O livro é leitura obrigatória para quem deseja aprender um pouco mais sobre finanças. Toda a narrativa gira em torno de diversos ensinamentos, como, por exemplo, o de que não é preciso ser um especialista em finanças para ter sucesso na vida financeira. O livro mostra como utilizar o dinheiro de forma correta, evitando desperdícios. Portanto, se você quer tirar grandes lições desse livro pequenino é só seguir nesse artigo comigo.

O que fala no livro O Homem Mais Rico da Babilônia?

Apesar de ser baseado no sucesso dos antigos babilônicos, o livro mostra soluções atuais para evitar a falta de dinheiro, como não desperdiçar recursos durante tempos luxuosos. O livro aconselha também a buscar conhecimento e informação em vez de apenas lucro, assegurando uma renda para o futuro. Destaca a importância de manter a pontualidade no pagamento de dívidas e, sobretudo, cultivar as próprias aptidões, tornando-se cada vez mais habilidoso e consciente.

Qual era o homem mais rico da Babilônia?

O homem mais rico da Babilônia era Arkad. Ele começou sua fortuna de modo bastante humilde. Era um homem como a maioria dos moradores, era filho de comerciantes, não tinha nenhum talento especial e muito menos seria herdeiro de fortuna alguma. 

Mas, ele queria construir seu próprio tesouro e foi assim que fez o primeiro depósito da sua fortuna numa bolsa gasta pelo uso. O fato de enxergar a bolsa vazia fazia com que ele buscasse diferentes soluções para conseguir uma bolsa cheia e poder desfrutar de todas as coisas boas da vida. Foi a partir daí que decidiu investigar como alguém conseguia acumular riquezas e chegou a diversas lições que estão no decorrer do livro. 
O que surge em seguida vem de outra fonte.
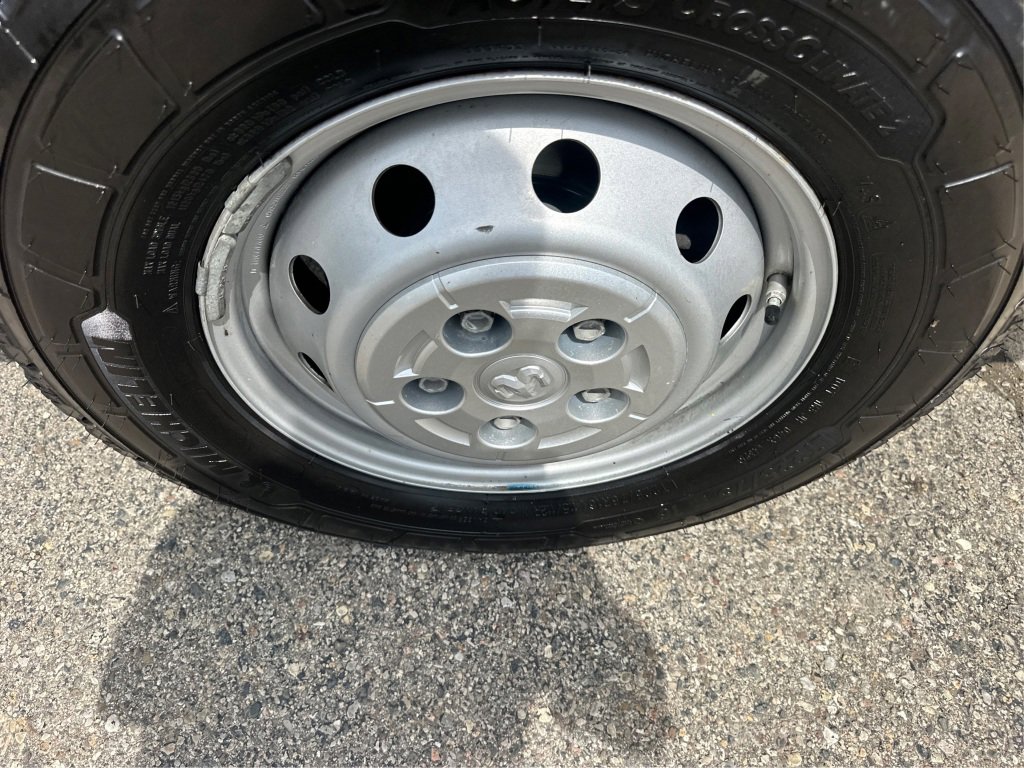 Used 2023 RAM ProMaster 2500 FWD image 16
O homem mais rico da Babilônia Resumo

O livro “O homem mais rico da babilônia” inicia quando seus principais personagens que nunca conseguiram acumular nenhuma posse se unem e procuram conhecimento externo para conseguirem algo a mais. O principal protagonista da história é Arkad, que não conseguia separar um dinheiro para economizar até que um dia conhece Algamish. Este era uma espécie de bancário, emprestava dinheiro para as pessoas. Assim, Arkad lhe pergunta o que fazer para ter dinheiro como ele.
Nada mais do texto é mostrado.